Grummeln in der Union Kalt erwischt von Merz' Milliardenschulden
Im Wahlkampf hatte CDU-Chef Merz die Schuldenbremse eisern verteidigt. Jetzt ist er bereit, die Schuldenregeln aufzuweichen. In seiner Fraktion sind nicht alle mit dem Kurswechsel einverstanden.
Die Einladung zur Fraktionssitzung kommt kurzfristig. Am späten Dienstagabend schalten sich die Mitglieder der Unionsfraktion zusammen. Es gibt Gesprächsbedarf zu dem, was CDU-Chef Friedrich Merz nur wenige Augenblicke vorher der deutschen Öffentlichkeit erklärt hatte.
"Ich will es sehr deutlich sagen", so Merz. "Angesichts der Bedrohungen unserer Freiheit und des Friedens auf unserem Kontinent, muss jetzt auch für unsere Verteidigung gelten: Whatever it takes."
Unter dem Eindruck der Nachrichten aus den USA hat Merz seine Meinung geändert. Eine Reform der Schuldenbremse bei Verteidigungsausgaben soll es geben, ebenso ein 500-Milliarden-Schuldenpaket für Infrastruktur.
Schulden für Infrastruktur im Wahlkampf abgelehnt
Die zusammengetrommelten Abgeordneten seiner Fraktion werden kalt erwischt. Verständnis gibt es dem Vernehmen nach für die zusätzlichen Schulden für Verteidigung. Aber 500 Milliarden Euro für Straßen, Brücken und Schulen? Das hatte die Union im Wahlkampf noch vehement abgelehnt.
Auch Merz selbst immer wieder, zum Beispiel im TV-Duell kurz vor der Wahl mit Olaf Scholz: "Ich habe immer gesagt, man kann über alles diskutieren. Aber das kommt sicher nicht am Anfang. Am Anfang kommt das Einsparpotenzial und die Umschichtungen im Haushalt, die dringend notwendig sind."
Kritik von mehreren Abgeordneten
Nun macht Merz genau das am Anfang. In der Fraktionssitzung gibt es dafür Kritik, nach Informationen des ARD-Hauptstadtstudios von mehreren Abgeordneten. Einer ruft Merz entgegen, dass man der Bevölkerung im Wahlkampf etwas anderes erzählt habe. Und so wirken die Versuche, dieses Vorgehen zu erklären, teilweise etwas ungelenk.

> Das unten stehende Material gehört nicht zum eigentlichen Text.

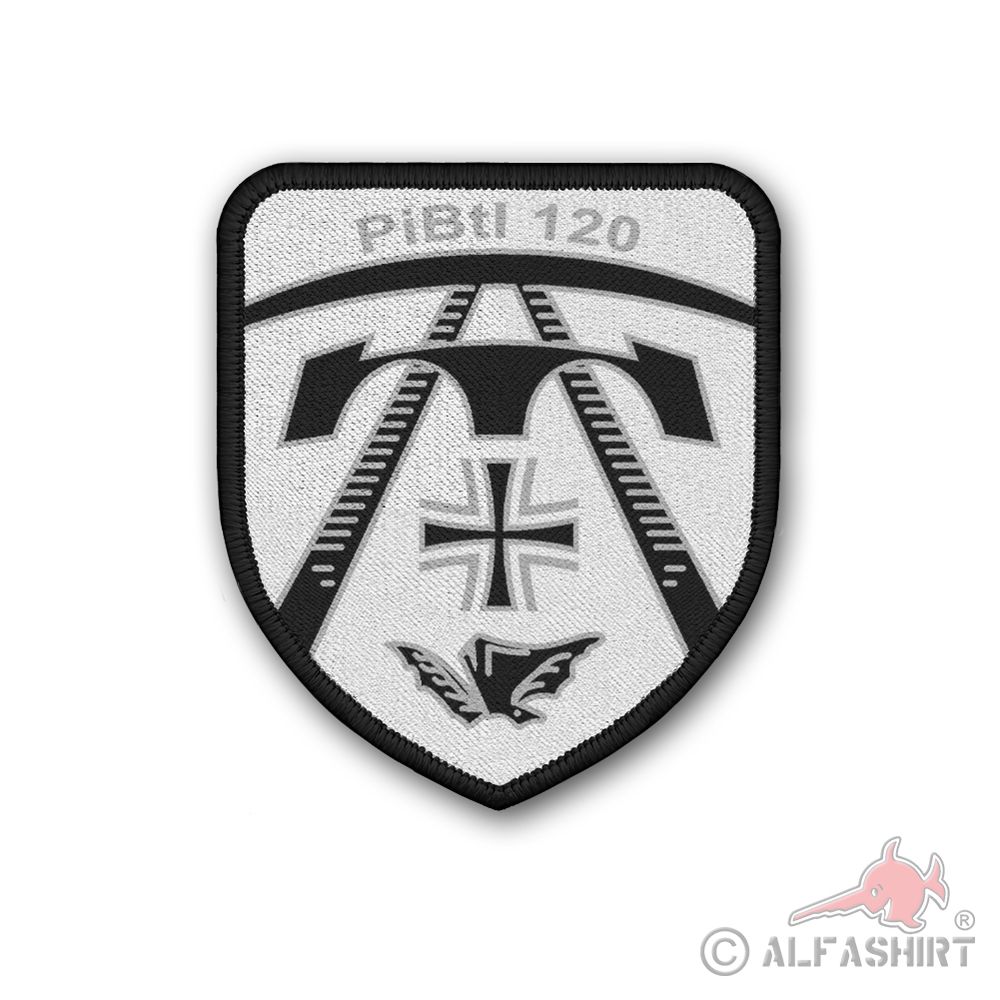 Patch PiBtl120 Pionierbataillon 120 Dörverden Bundeswehr Heer Deutschland #45496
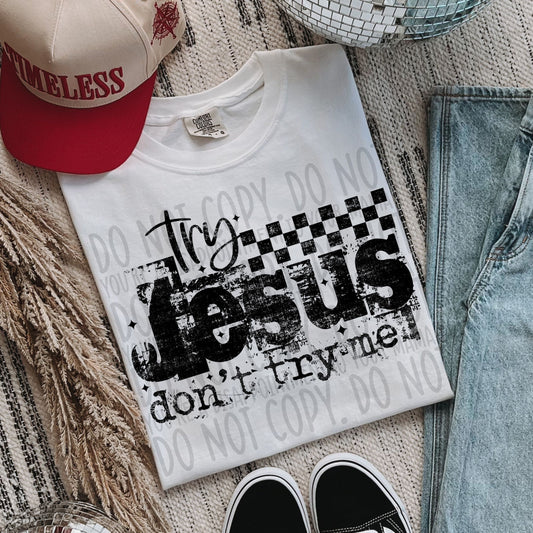 Try Jesus - TRANSFER (SW)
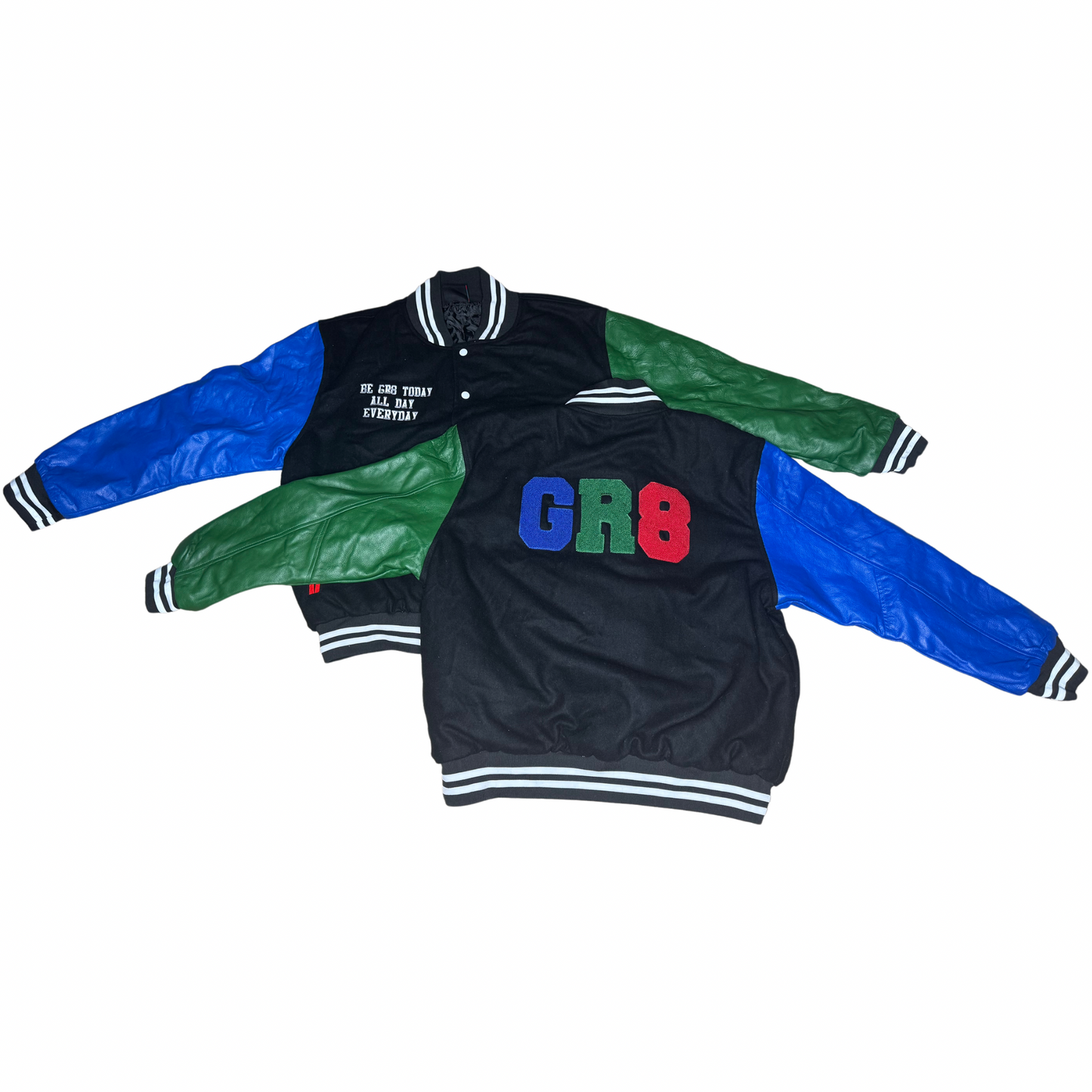 GR8 Varsity Jacket 1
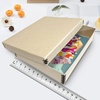 image:imageLineco Museum Archival Storage Box Drop Front 975x1275x3 in Gray  AcidFree with Metal Edge Preserves Picture Longevity Organize Photos Newspapers Prints Documents Crafts DIYBeige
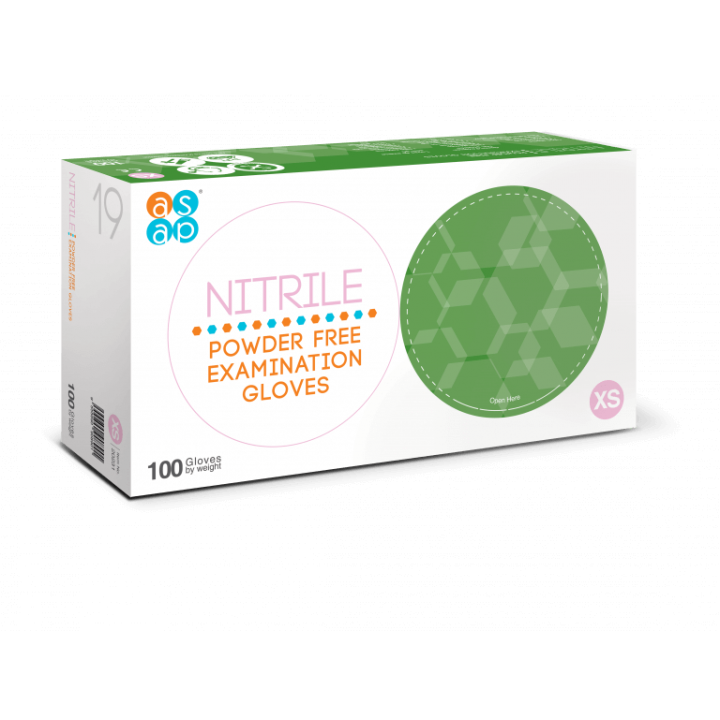 Pink Nitrile Gloves 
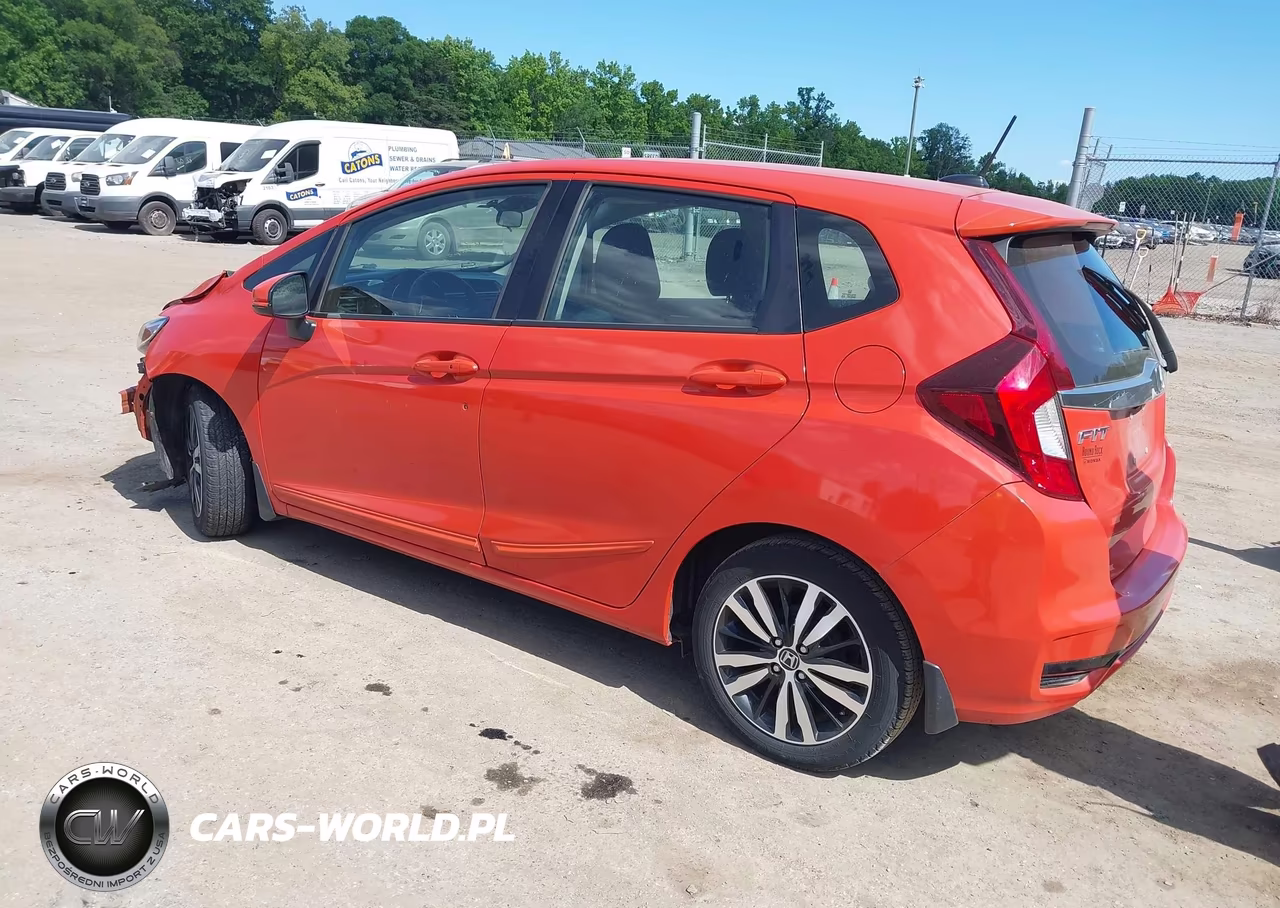 2018 Honda Fit Ex VIN:3HGGK5H86JM702033 - 3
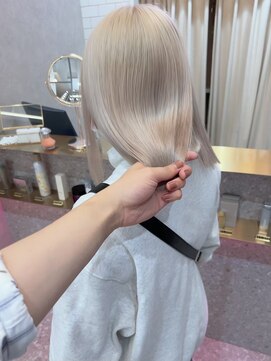 ヴィヴィー 福岡天神店(VIVIE) ダメージレスなハイトーンでツヤツヤに！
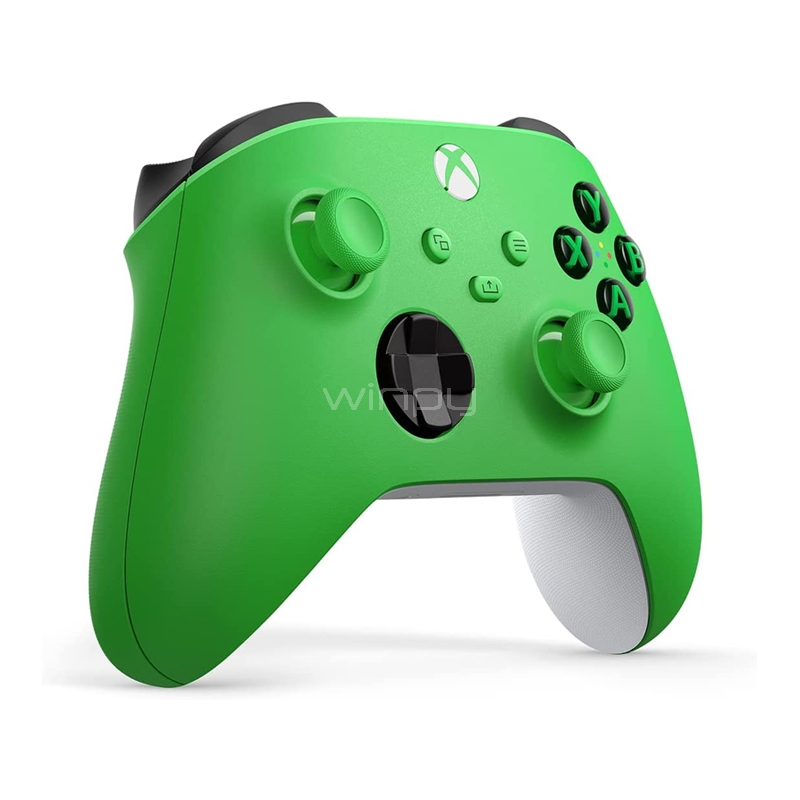 Joystick Microsoft Xbox para One/Series (Xbox Wireless / Bluetooth, Verde)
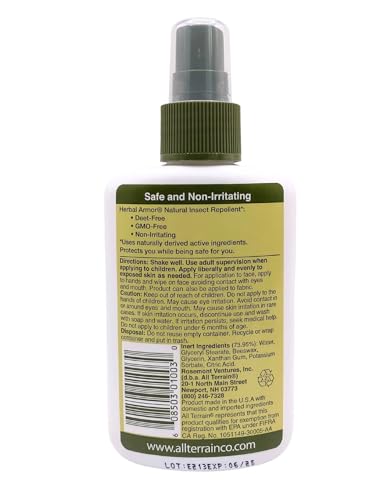spray herbal armor contra insectos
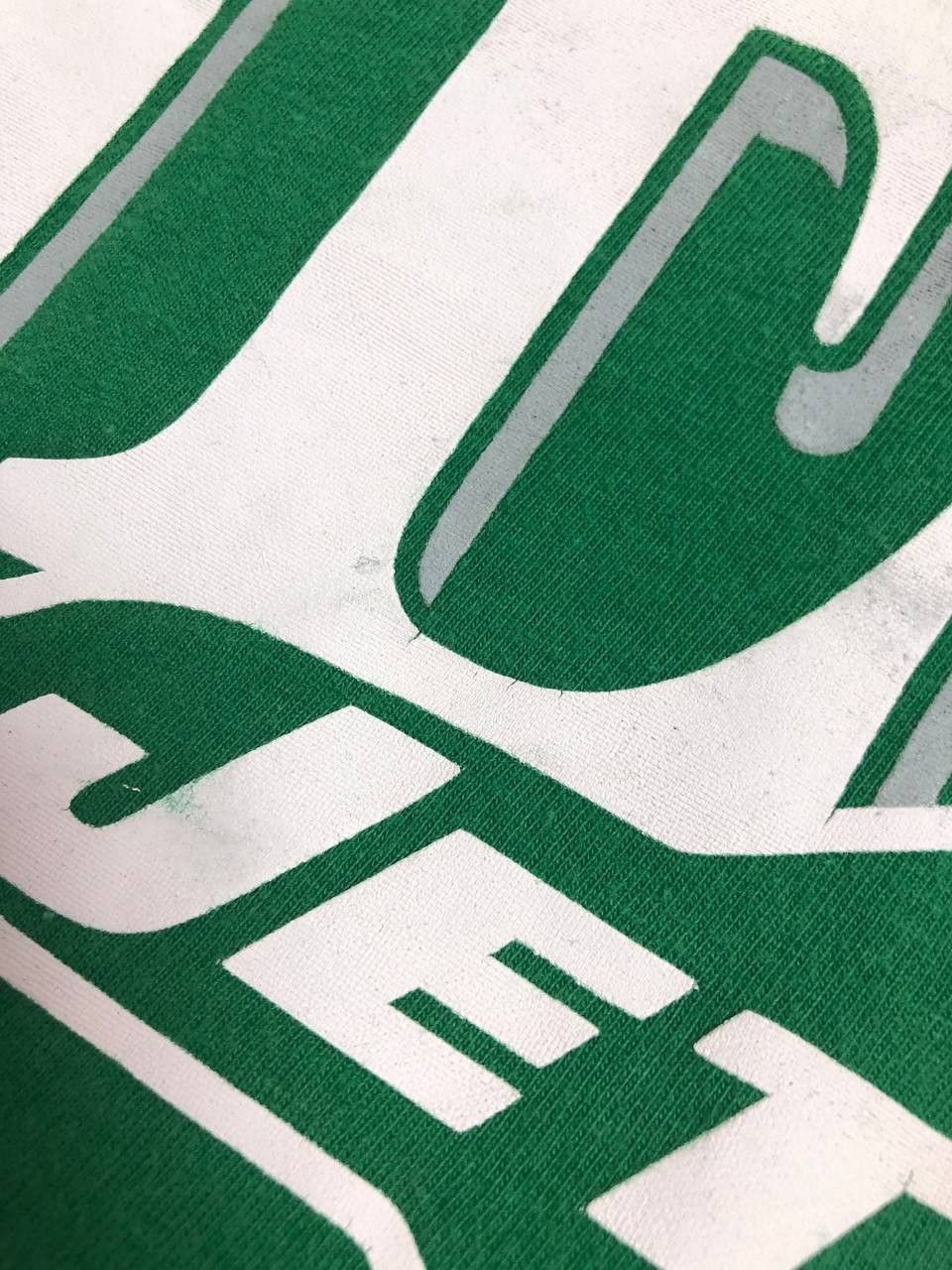 Nike × Vintage Vintage Nike Big Logo Swoosh Oversized Tee Y2K USA Size US M / EU 48-50 / 2 - 9 Thumbnail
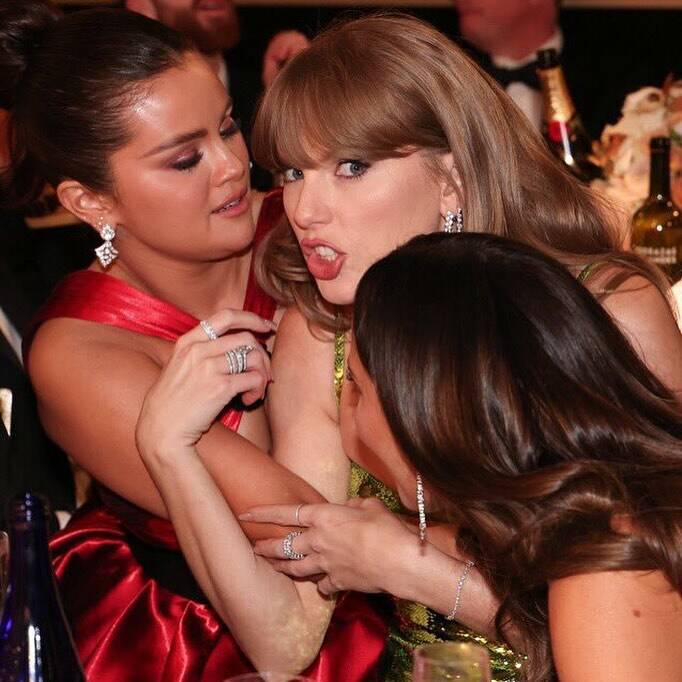 Selena Gomez reveló el chisme que le contó a Taylor Swift y la dejó con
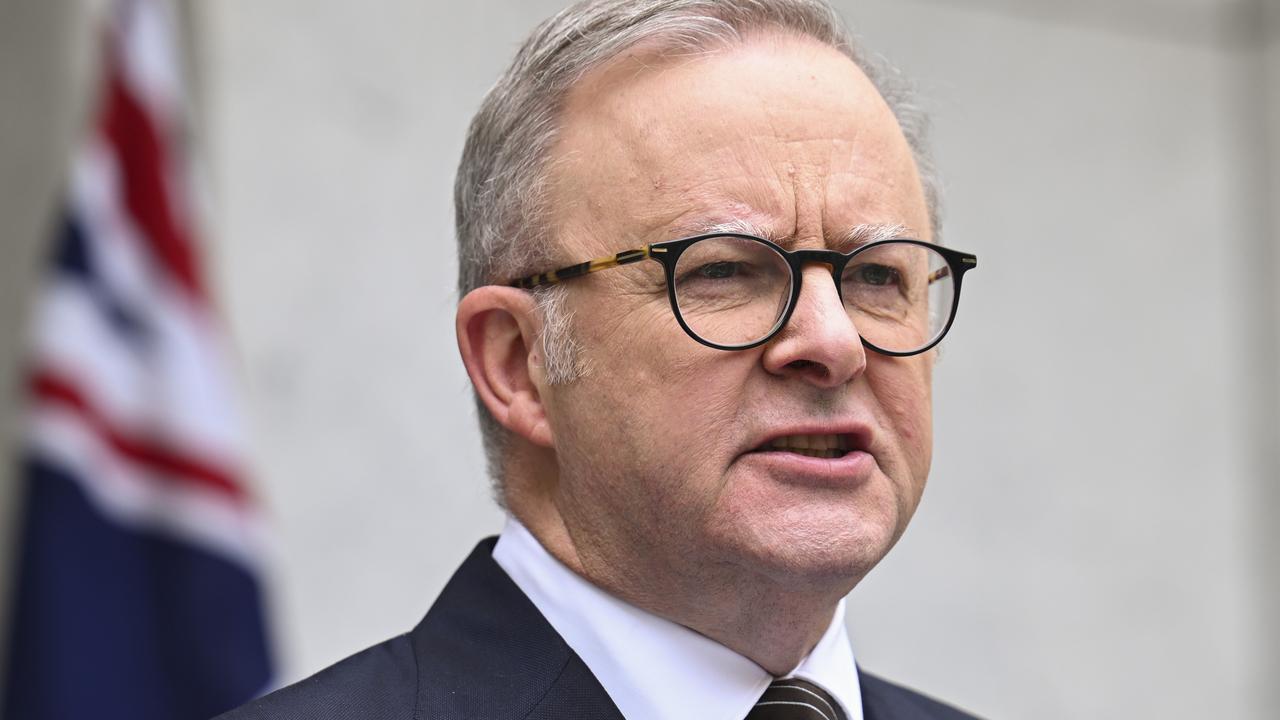 Albo unofficially fires election starting gun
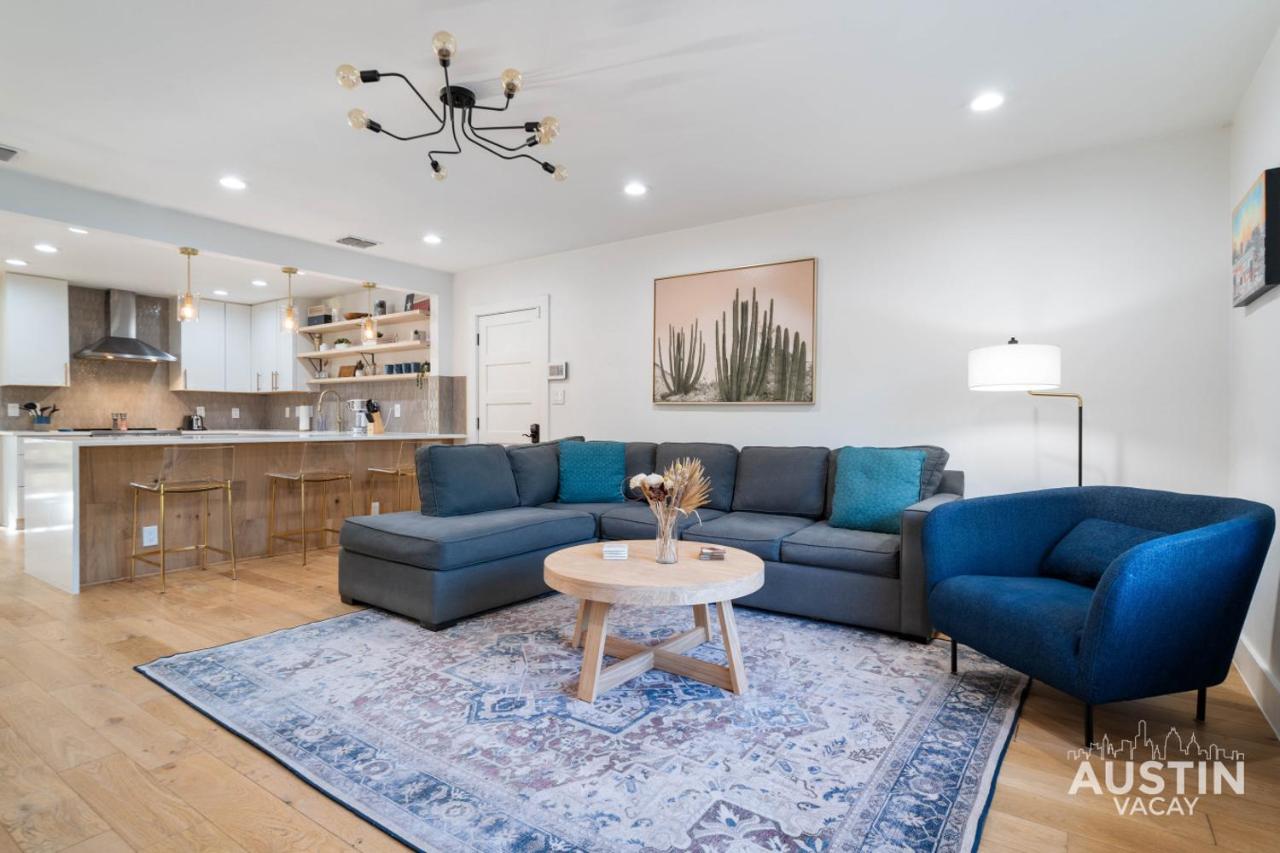 Bold MidMod 4BR 3BA Near SoCo w Private Pet-Friendly Yard and EV by Austin Vacay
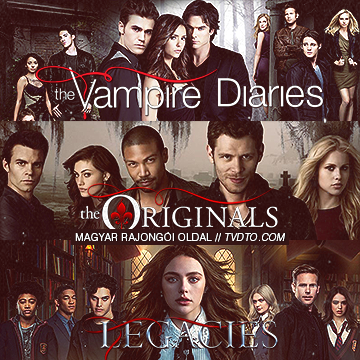 The Vampire Diaries, The Originals & Legacies HU (@TvdToLegaciesHu) / X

Thorsten Frei, ein enger Vertrauter von Merz, versucht es so: "Zum einen hat sich die Sachlage geändert. Zum anderen haben uns die Wählerinnen und Wähler bedauerlicherweise nicht mit einer absoluten Mehrheit ausgestattet. Das ist leider so."
Gewaltiger Druck auf Merz
Johannes Winkel ist irritiert über seinen Vorsitzenden. Er ist Chef der Jungen Union und gerade in den Bundestag gewählt worden. Er sieht die Schuldenaufnahme kritisch und macht sich Sorgen darum, dass seine Generation das Geld ja auch irgendwann zurückzahlen muss.
Winkel will jetzt Erfolge in den Sondierungsgesprächen sehen und macht Druck auf die Verhandler der Union: "Wir sind der SPD in der finanzpolitischen Einigung sehr weit entgegengekommen, ohne dafür eine erkennbare Gegenleistung bekommen zu haben. Deswegen müssen diese Gegenleistungen jetzt bei den übrigen Politikfeldern für die Union natürlich kommen."
Der Druck auf Friedrich Merz ist jetzt schon gewaltig - und er ist noch nicht einmal Bundeskanzler. Er muss auf die Grünen zugehen, um das Finanzpaket mit einer Zwei-Drittel-Mehrheit durch den Bundestag zu bekommen. Und er muss seiner eigenen Partei zeigen, dass er kämpft und auch etwas erreicht. Ansonsten dürfte die Zahl der Kritiker aus den Reihen noch größer werden.